**Provided information**
──────
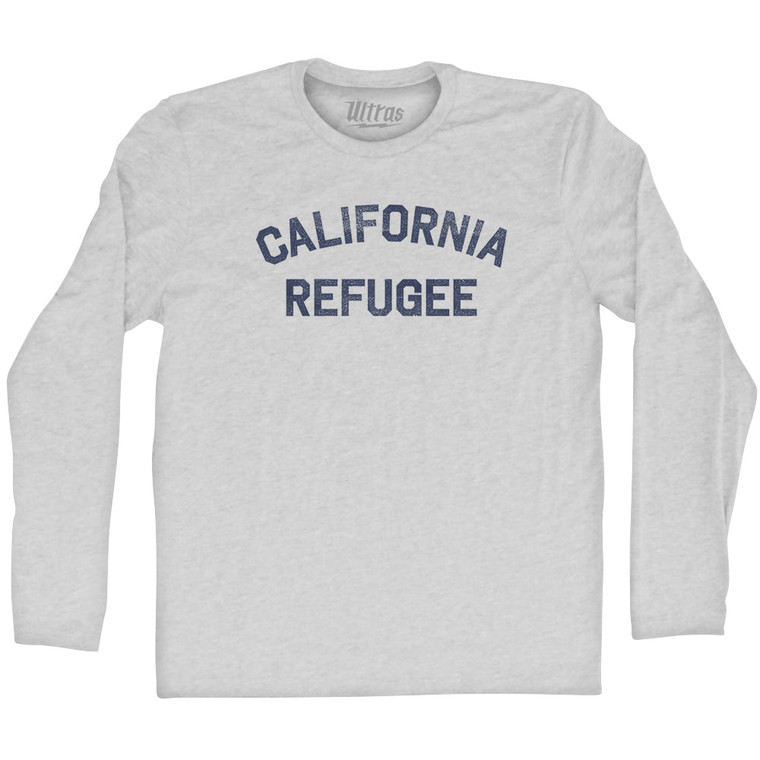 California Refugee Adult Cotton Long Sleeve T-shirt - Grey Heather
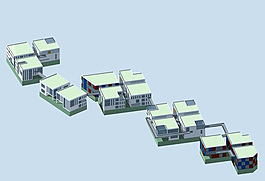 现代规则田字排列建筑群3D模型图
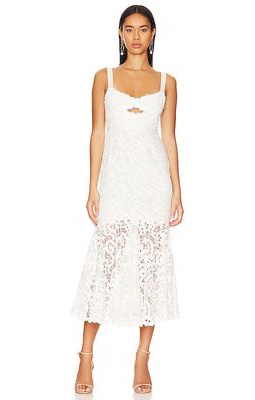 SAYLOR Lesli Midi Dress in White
──────
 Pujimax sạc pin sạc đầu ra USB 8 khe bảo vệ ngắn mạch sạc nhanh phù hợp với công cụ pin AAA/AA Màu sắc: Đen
──────
**Task directions**
Copy out the listing above from the line containing "California Refugee Adult" to the line containing "SAYLOR Lesli Midi Dress in White", both included, exactly as written and minus the images.

**Task answer**
 California Refugee Adult Cotton Long Sleeve T-shirt - Grey Heather
 现代规则田字排列建筑群3D模型图
 SAYLOR Lesli Midi Dress in White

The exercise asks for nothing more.